In 2008, NEA chairman Dana Gioia tasked Kipen with fielding a delegation of over fifty Southern California writers and filmmakers to the 2009 Feria Internacional Del Libro (FIL) in Guadalajara, Mexico, the world's second largest book fair. Working with the Los Angeles Department of Cultural Affairs, Kipen spent 18 months planning and executing the literary and film programming of this cultural exploration of Los Angeles. Once there he moderated daily panels, interviews and screenings in both English and Spanish.

==Libros Schmibros==
Upon his return from Washington to Los Angeles in 2010, Kipen founded Libros Schmibros, a nonprofit bilingual lending library that shares good free books with residents of its Boyle Heights neighborhood and Greater Los Angeles. Under his artistic direction, Libros Schmibros has produced several events and installations throughout Los Angeles, including a ten-week, held-over engagement at the Hammer Museum. Libros Schmibros' cultural contributions to Los Angeles also include a massive Literary Map of Los Angeles, since purchased by UCLA Special Collections for permanent public display.

==Programming==
Kipen has programmed film retrospectives for both the American Film Festival in Moscow and the Norton Simon Museum, and given talks at film festivals in Thessaloniki, Greece; Utrecht, the Netherlands; and Cheltenham, England.

==Los Angeles==
Along the way Kipen has assumed a prominent role in the Los Angeles cultural scene. He has worked with the city and county cultural affairs departments and juried several awards. He frequently addresses enthusiasts and students of the city in architectural, historical, and arts convenings. He appears regularly in conversations for the Los Angeles Public Library, Writer's Bloc, and Zócalo Public Square. There and elsewhere, he has engaged a wide range of creative people in interviews—public, published and broadcast—including Steve Martin, David Foster Wallace, John Cleese, Hal Holbrook, Salman Rushdie, Bruce Dern, Jonathan Franzen, Tommy Lee Jones, Forest Whitaker, Christopher Hitchens, Manohla Dargis, and Ray Bradbury.

==Teaching==
He teaches on UCLA's full-time writing faculty.

==Books==
Kipen is probably best known for his bestselling 2018 book Dear Los Angeles: The City In Diaries And Letters, 1542–2018 (Modern Library), which Dwight Garner, in his New York Times review, called "ebullient and often moving."
He is also the author of The Schreiber Theory: A Radical Rewrite of American Film History (Melville House, 2006). A screenwriter-centric staple of film school syllabi. Lawrence Weschler has written of it, "I loved that book. It's still on my bookshelf and I lend it out occasionally."

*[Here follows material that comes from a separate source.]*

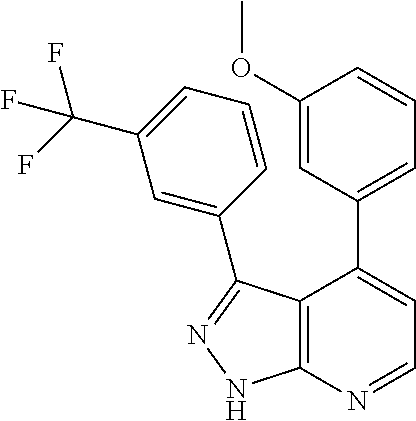 Figure US09260426-20160216-C00338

Kipen's translation from Spanish into English of Miguel de Cervantes' novella The Dialogue of the Dogs appeared from the same publisher in 2009. In addition, one of his many articles about the author Thomas Pynchon was commissioned for and appears in the book Pynchon in Context (Cambridge University Press).
A scholar of the Depression-era Federal Writers' Project, Kipen has also edited and introduced reissues of the WPA Guides to Los Angeles, San Francisco, San Diego, and California (UC PRESS).

==Fiction==
Kipen has published early precursors to his novel-in-progress, "The Anniversarist," as "Time Turns Around at Musso & Frank" in Alta Magazine, and across five installments in Boom Magazine as "The Americas."